Source: Business Standard, Feb 02, 2017
New Delhi: Finance Minister Arun Jaitley has chosen to deviate marginally from the path of fiscal consolidation by budgeting the fiscal deficit for 2017-18 at 3.2 per cent of GDP against the target of 3 per cent set under the existing Fiscal Responsibility and Budget Management (FRBM) framework.
This, however, marks a steady improvement in the fiscal deficit over the last four Budgets that Jaitley has presented, from 4.1 per cent in 2014-15.
Jaitley has signalled the government’s commitment to fiscal consolidation, creating at the same time fiscal space to boost spending to lift the economy reeling from demonetisation and slower private sector investment. In absolute terms, the fiscal deficit for 2017-18 stands at Rs 5.46 lakh crore, up from Rs 5.34 lakh crore in 2016-17.
Though Jaitley has said that he has refrained from using the “escape clause” provided by the N K Singh committee on the new fiscal framework, the 3.2 per cent target falls well within limits prescribed by the committee.
The expert panel headed by former revenue secretary N K Singh has suggested a new fiscal framework that has recommended bringing down the debt-to GDP ratio to 60 per cent by 2023 — 40 per cent would be the Centre’s and 20 per cent the states — and maintaining fiscal deficit at 3 per cent of GDP for the next three financial years.
The committee has allowed a leeway of 0.5 per cent of GDP for the deficit, by clearly identifying the triggers and including unavoidable fiscal situations. At present India’s debt-to-GDP ratio is at 66 per cent, which is higher than that of its emerging market peers.

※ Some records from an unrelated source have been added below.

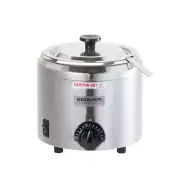 Server 82700 1 1/2 Qt Mini Warmer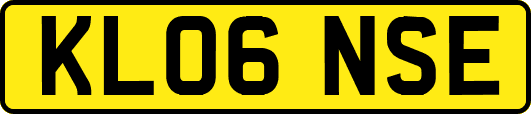 KL06NSE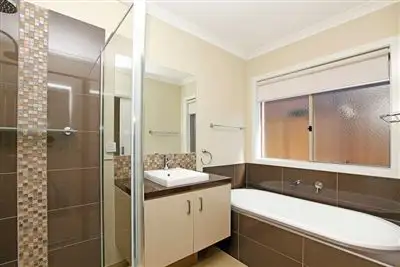 Seventh view of Homely house listing, Address available on request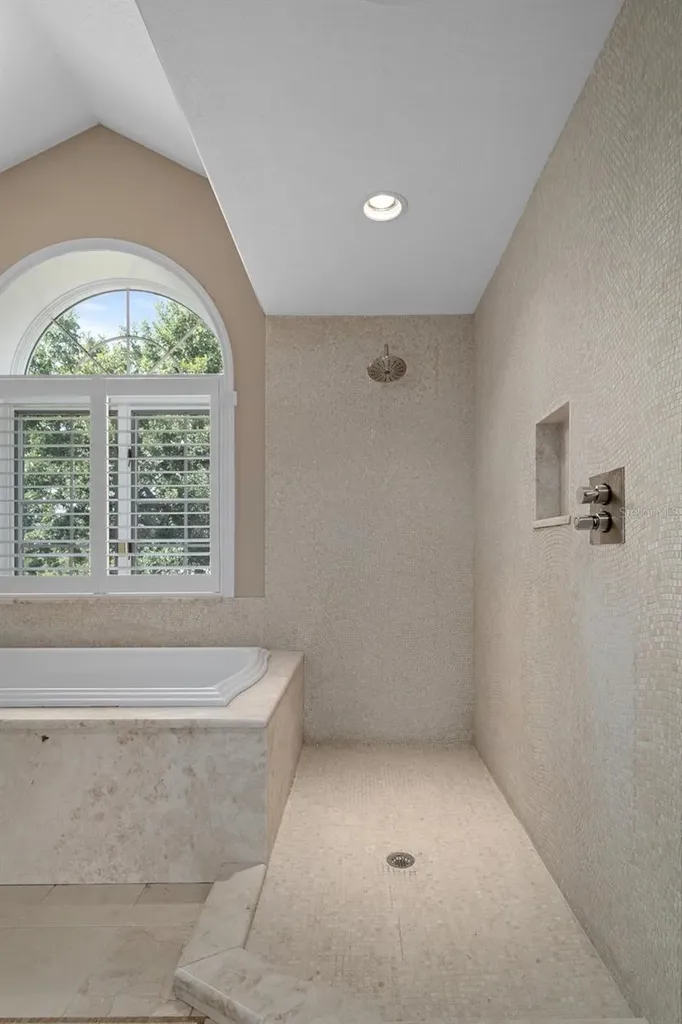 7268 Crystal Spring Run Weeki Wachee FL 34607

For the purpose of calculations, the Budget has assumed nominal GDP to grow at 11.75 per cent in FY18. Given that the Economic Survey released yesterday projected real GDP to grow between 6.75 and 7.5 per cent in FY18, this implies an inflation range of 4.25 to 5 per cent in FY18.
At the same time, the government appears to have been overly cautious on revenue projections.
Gross tax revenue is forecast to grow at 12.2 per cent in FY18 to Rs 19.1 lakh crore. In FY17, it grew 17 per cent. On the other hand, non-tax revenues are budgeted to contract by 13.7 per cent in FY18, after growing at 33.2 per cent in FY17. Presumably, the contraction reflects the absence of revenue from telecom auctions.
Total government expenditure is budgeted to grow at a slower pace at 6.6 per cent in FY18, after growing 12.5 per cent in FY17. The three major government subsidies namely — food, fuel and fertiliser — are now budgeted to grow at 3.28 per cent in 2017-18 to Rs 2.4 lakh crore.
Food subsidy has been budgeted to grow to Rs 1.45 lakh crore in FY18, up from Rs 1.35 lakh crore the year before. Petroleum subsidy is forecast to decline marginally to Rs 25,000 crore in FY18 from Rs 27,532 crore the year before, while the fertiliser subsidy is budgeted to remain at Rs 70,000 crores.Spending on 28 core social sector schemes is budgeted to grow at 13.45 per cent in FY18 to Rs 2.8 lakh crore, up from Rs 2.46 lakh crore in FY17.
The revenue deficit for FY18 has been pegged at 1.9 per cent compared to 2.1 per cent in 2017.